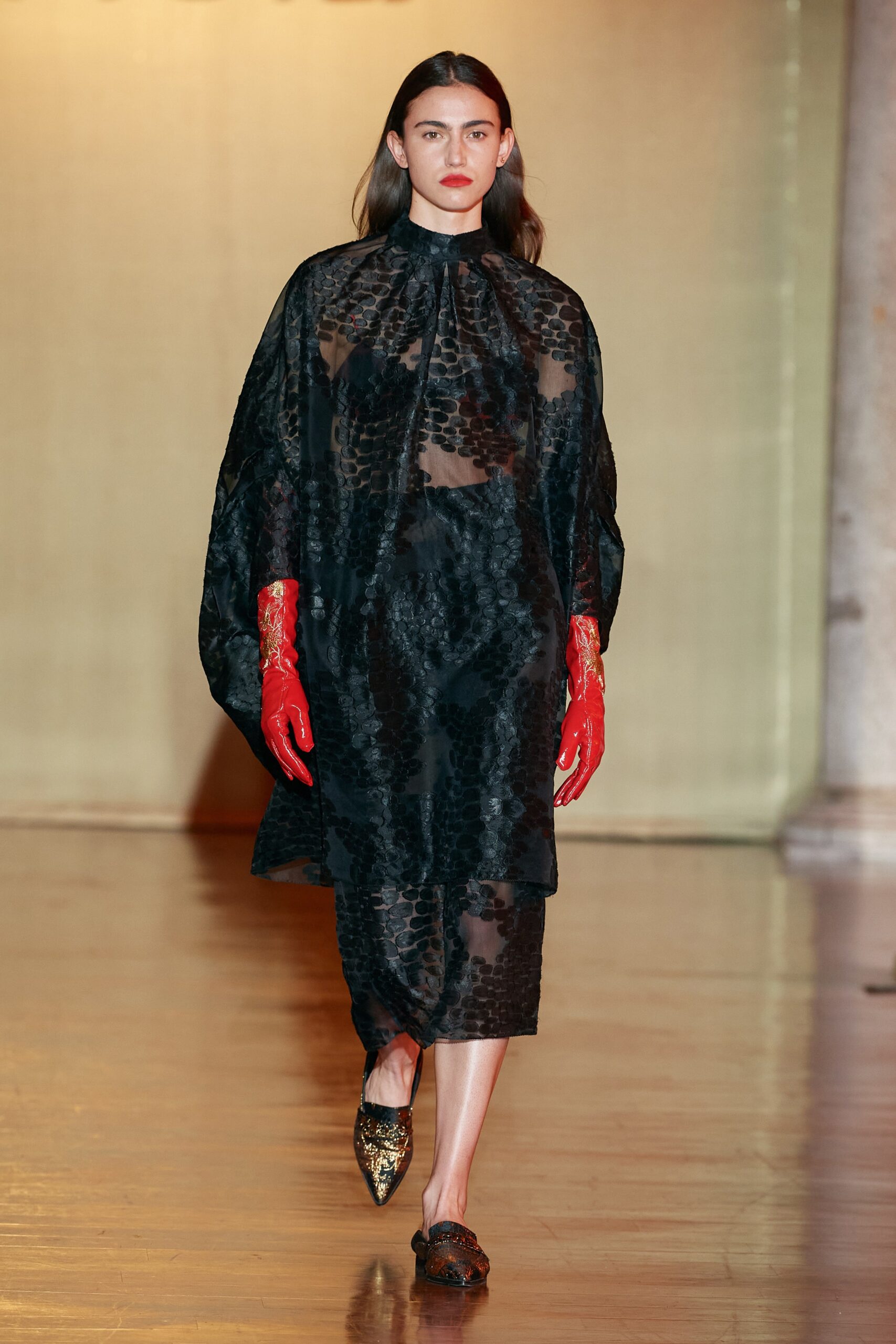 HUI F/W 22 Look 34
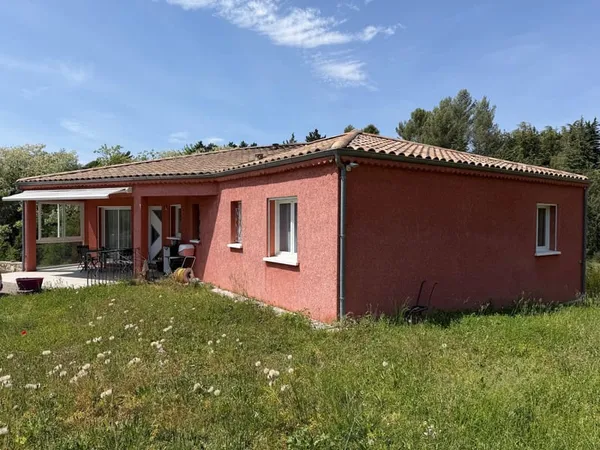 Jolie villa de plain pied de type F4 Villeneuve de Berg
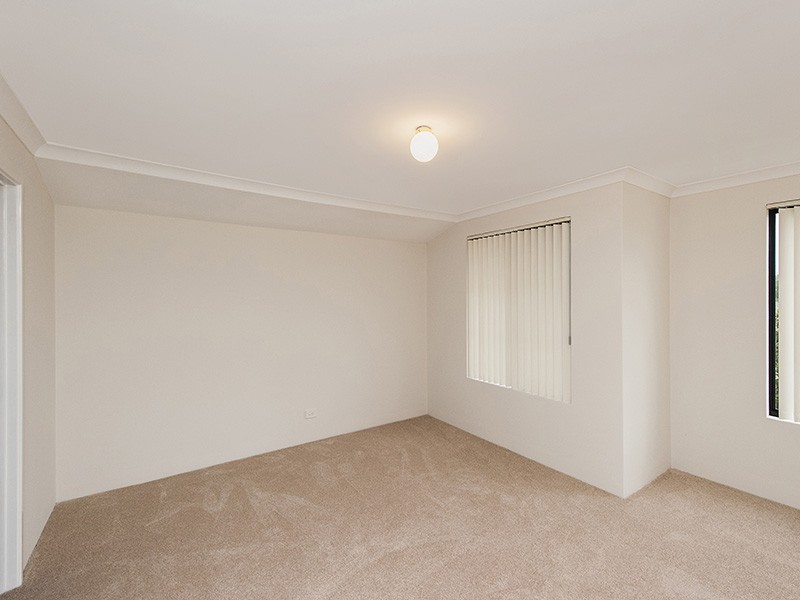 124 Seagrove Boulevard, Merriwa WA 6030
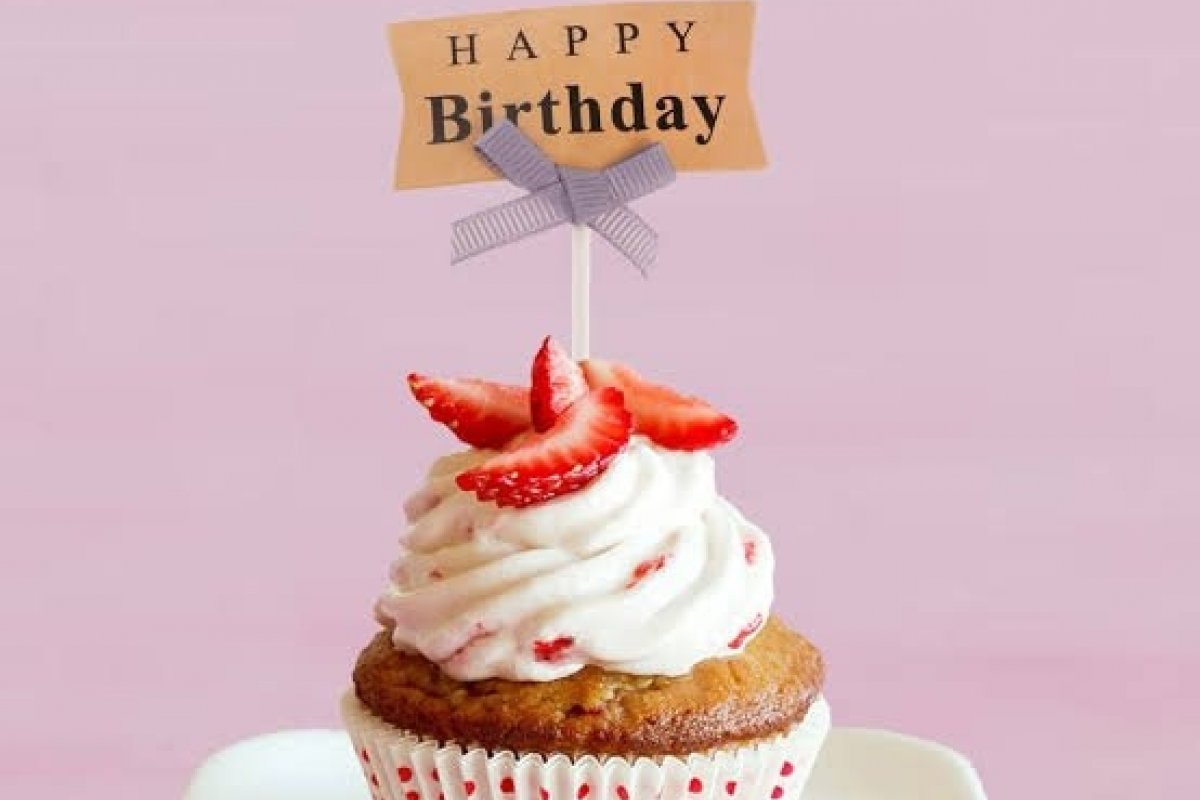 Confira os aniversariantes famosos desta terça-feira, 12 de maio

— WORK ORDER —
Give every line above again exactly, with no pictures.

— FINAL ANSWER —
 HUI F/W 22 Look 34
 Jolie villa de plain pied de type F4 Villeneuve de Berg
 124 Seagrove Boulevard, Merriwa WA 6030
 Confira os aniversariantes famosos desta terça-feira, 12 de maio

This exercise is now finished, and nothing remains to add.